**DATA SHOWN**
[Start of section]

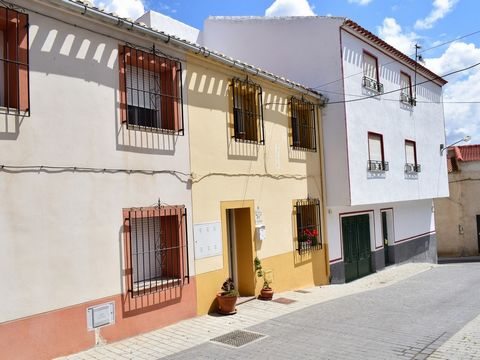 This is a wonderful, two-storey village house offering some charming views of the village and the mountains while coming with the addition of a garage space, situated in the very heart of the traditional village of Oria where you will find a number o...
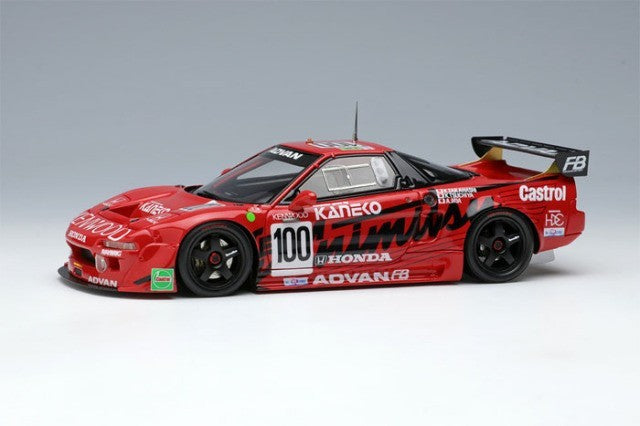 Make Up VISION VM239A 1/43 Honda NSX GT2 Team KUNIMITSU Suzuka 1995 Resin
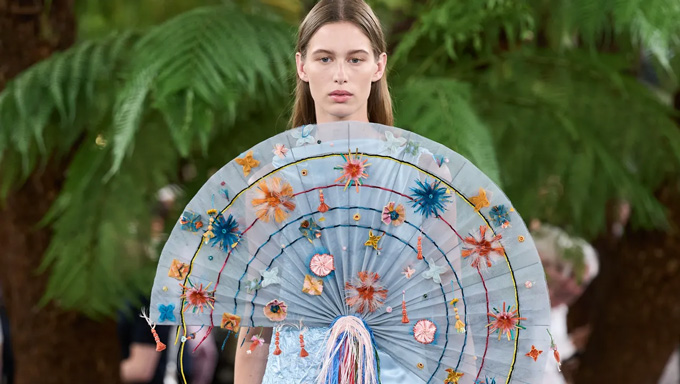 Vogue's best looks from the Dior haute couture fall/winter 2026 show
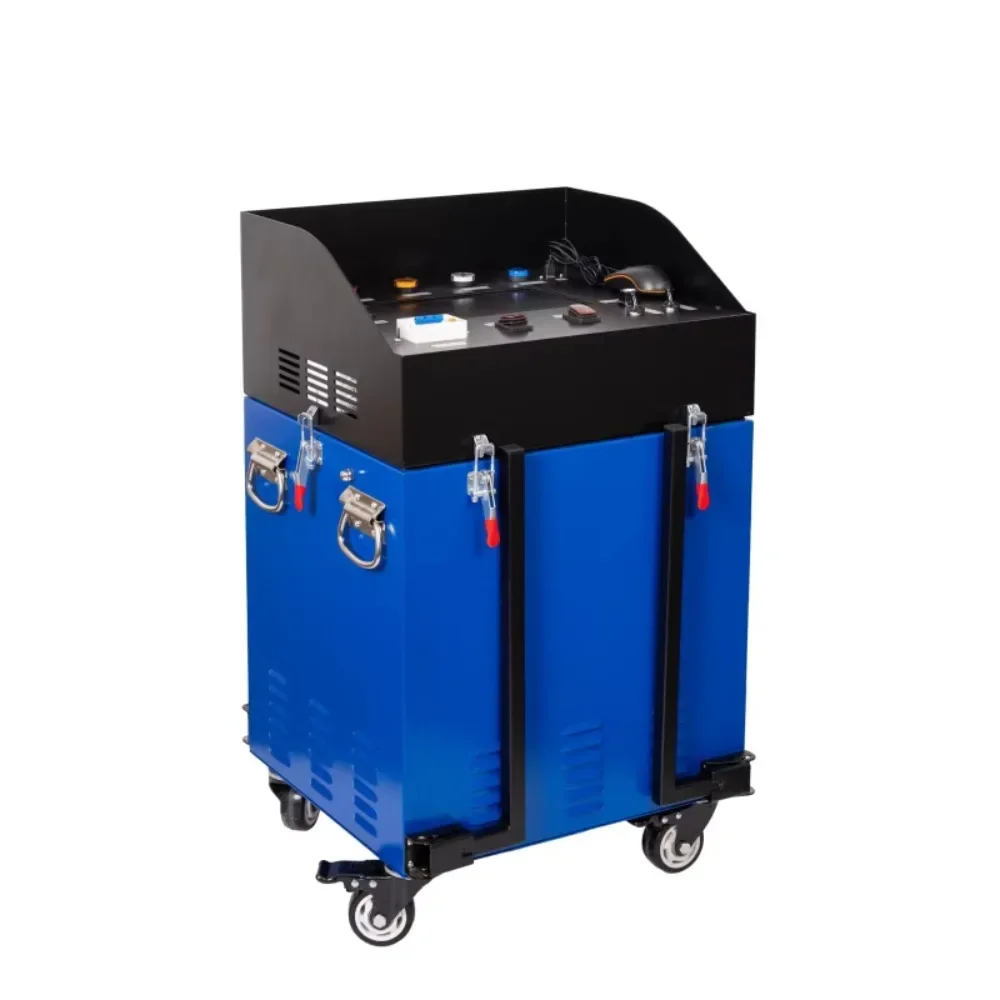 York 3600W air conditioner duct cleaning robot ventilation duct cleaning machine with camera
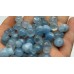 Mini Aquamarine Mushroom Wholesale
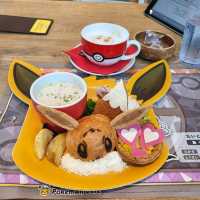 Pokemon Cafe Tokyo
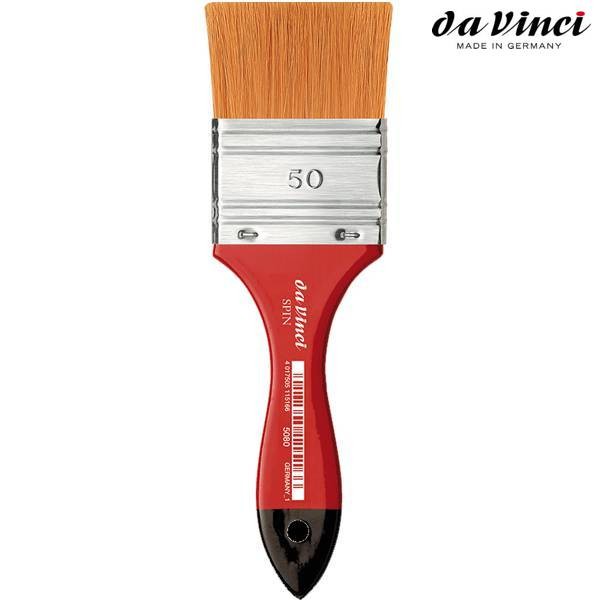 Da Vinci Flachpinsel SPIN Serie 5080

[End of section]

**EXERCISE DETAILS**
Skip all pictures. Write out only the lines from the one containing "Pokemon Cafe Tokyo" to the end of the listing above, inclusive, exactly as given.

**ANSWER BOX**
 Pokemon Cafe Tokyo
 Da Vinci Flachpinsel SPIN Serie 5080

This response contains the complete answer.